Die Entscheidung des Bundesgerichtshofs (BGH) im Verfahren StB 7-9/22 betrifft die Auslegung und Anwendung des § 108e StGB, der die Bestechlichkeit und Bestechung von Mandatsträgern regelt. Die Entscheidung des BGH klärt insbesondere, welche Handlungen eines Abgeordneten unter die Tatbestandsmerkmale „bei der Wahrnehmung seines Mandates“ fallen. Dieser Beitrag beleuchtet die wesentlichen rechtlichen Aspekte dieser Entscheidung und ihre Implikationen.
Sachverhalt
Im zugrunde liegenden Fall wurde mehreren Abgeordneten vorgeworfen, sich in ihrer Funktion als Mandatsträger bestechen zu lassen, indem sie gegen Zahlung eines Geldbetrags Einfluss auf Entscheidungen von Behörden nahmen. Die Abgeordneten sollen ihre Stellung und die durch ihr Amt geknüpften Beziehungen genutzt haben, um Entscheidungen zugunsten eines privaten Unternehmens zu beeinflussen. Die Vorinstanzen hatten Haft- oder Arrestanordnungen gegen die Beschuldigten abgelehnt.
Rechtliche Analyse
Tatbestandsmerkmal „bei der Wahrnehmung seines Mandates“
Der BGH stellt klar, dass das Tatbestandsmerkmal „bei der Wahrnehmung seines Mandates“ eng auszulegen ist. Dieses Merkmal erfasst die Mandatstätigkeit als solche, d.h., das Wirken des Abgeordneten im Parlament, in den Ausschüssen oder anderen parlamentarischen Gremien.
Außerparlamentarische Tätigkeiten
Die Entscheidung betont, dass allein die Berufung eines Abgeordneten auf seinen Status zur Beeinflussung von Behördenentscheidungen bei außerparlamentarischen Aktivitäten nicht ausreicht, um eine Strafbarkeit nach § 108e StGB zu begründen. Es muss ein unmittelbarer Zusammenhang mit der parlamentarischen Arbeit bestehen.
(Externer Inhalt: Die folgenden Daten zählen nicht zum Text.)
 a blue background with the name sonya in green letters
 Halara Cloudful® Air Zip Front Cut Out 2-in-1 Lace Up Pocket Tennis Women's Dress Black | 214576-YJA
Unterschied zu Amtsträgern
Ein wichtiger Unterschied zu den Vorschriften, die die Bestechung von Amtsträgern betreffen, ist die fehlende genau umgrenzte Dienstpflicht bei Mandatsträgern. Während Amtsträger konkrete Dienstpflichten haben, für deren Verletzung sie Vorteile fordern oder annehmen können, fehlt eine solche Regelung für Abgeordnete. Diese vertreten legitime Partikularinteressen und haben keine positiv festgelegten Dienstpflichten.
Schutzgut des § 108e StGB
Das Schutzgut des § 108e StGB wird überwiegend in der Sicherung der Sachbezogenheit und Legitimität politischer Entscheidungsprozesse gesehen. Die Norm soll die Integrität des parlamentarischen Meinungsbildungsprozesses vor unlauteren Manipulationen schützen und das Vertrauen der Öffentlichkeit in die Unabhängigkeit der Mandatsinhaber bewahren.
Vergleich mit außerstrafrechtlichen Verhaltensregeln
Die Abgeordnetenbestechung nach § 108e StGB wird von den außerstrafrechtlichen Verhaltensregeln im Abgeordnetengesetz ergänzt. Diese gehen jedoch weiter als die Strafnorm und sehen disziplinarrechtliche Sanktionen vor, wenn gegen Verhaltensregeln verstoßen wird. Die Strafnorm soll hingegen die strafrechtliche Flankierung der Verfassungsnorm sicherstellen.
Ausblick
Die Entscheidung des BGH zu § 108e StGB konkretisiert die Anforderungen an die Strafbarkeit der Bestechlichkeit und Bestechung von Mandatsträgern. Entscheidend ist, dass die unlautere Einflussnahme in einem unmittelbaren Zusammenhang mit der parlamentarischen Tätigkeit steht.
Damit wird klargestellt, dass außerparlamentarische Tätigkeiten, die nur auf die Stellung und Beziehungen eines Abgeordneten zurückgreifen, nicht ausreichen, um eine Strafbarkeit nach § 108e StGB zu begründen. Diese enge Auslegung dient dem Schutz der Integrität des parlamentarischen Prozesses und der Unabhängigkeit der Mandatsträger.